#### Given material
· · · ·

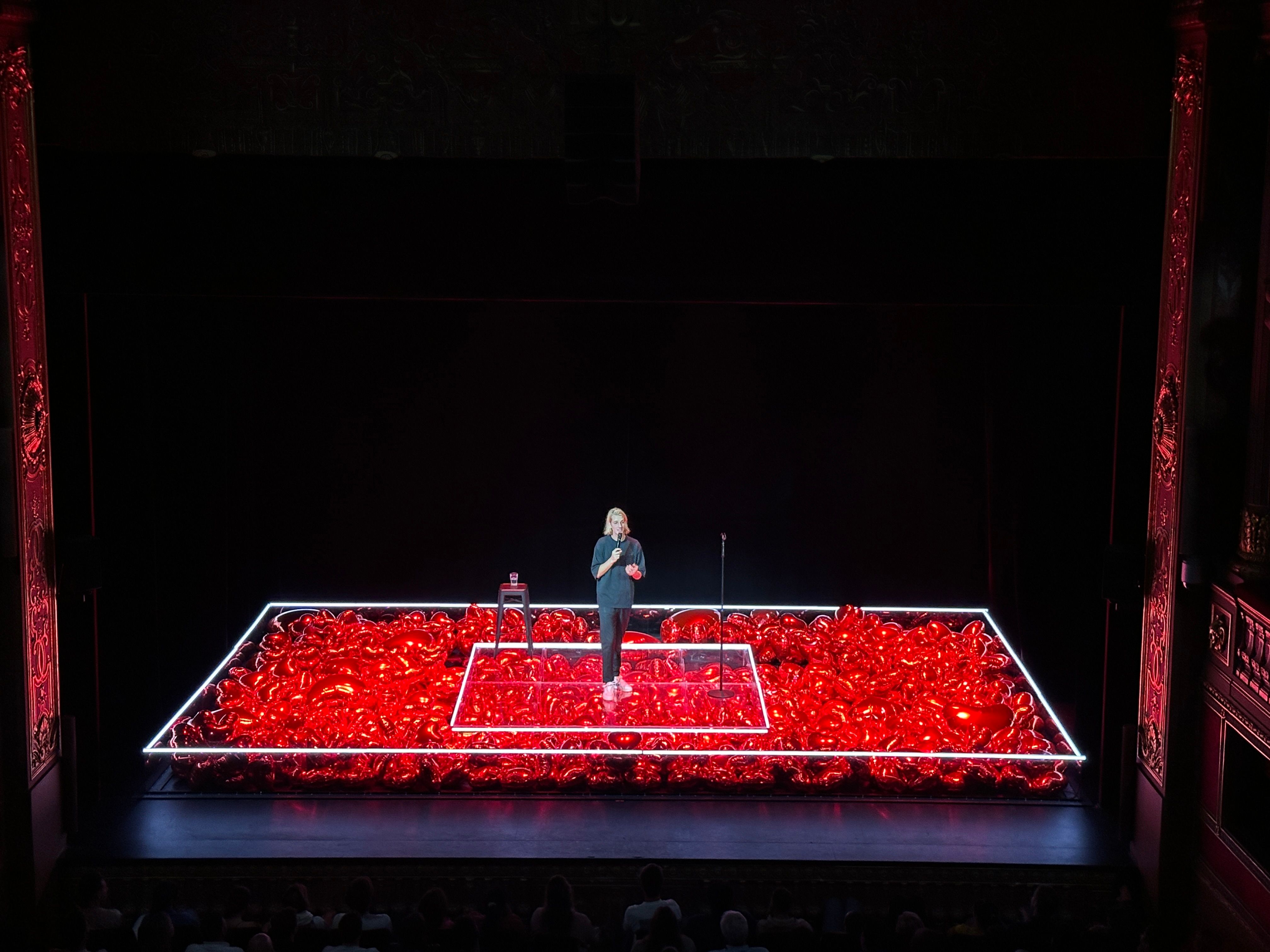 Paul Mirabel, Par Amour, Stage design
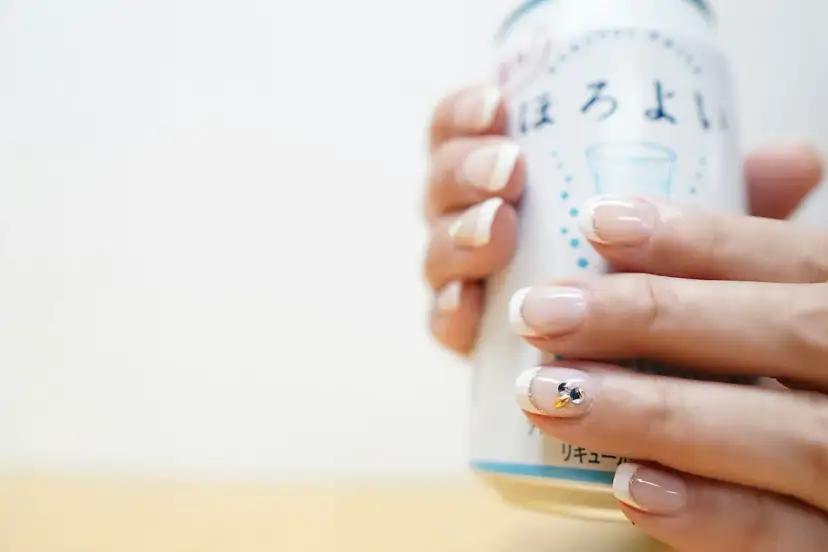 Paski na paznokciach: Prosty poradnik, triki i inspiracje dla Ciebie!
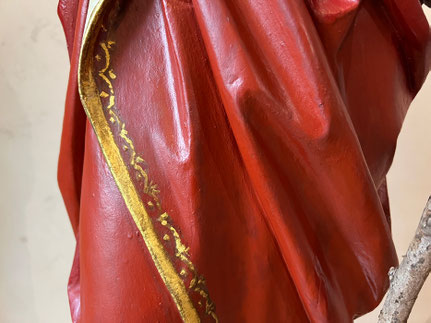 Historische Figur aus Lindenholz vom Fachmann restauriert. Jetzt anfragen!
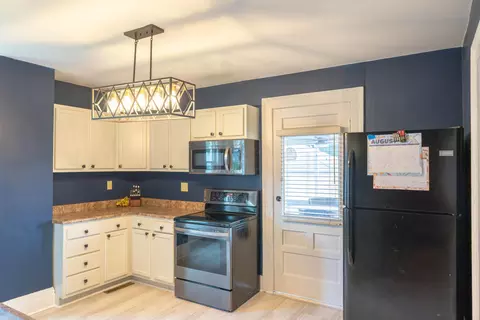 Kitchen - 2201 Elmwood Ave, Springfield, OH 45505 photo 1 of 2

· · · ·

#### Task requirements
Pictures are to be left out, and each line from the one that contains "Paski na paznokciach: Prosty" through the end of the listing is to be copied exactly.

#### Output for this task
 Paski na paznokciach: Prosty poradnik, triki i inspiracje dla Ciebie!
 Historische Figur aus Lindenholz vom Fachmann restauriert. Jetzt anfragen!
 Kitchen - 2201 Elmwood Ave, Springfield, OH 45505 photo 1 of 2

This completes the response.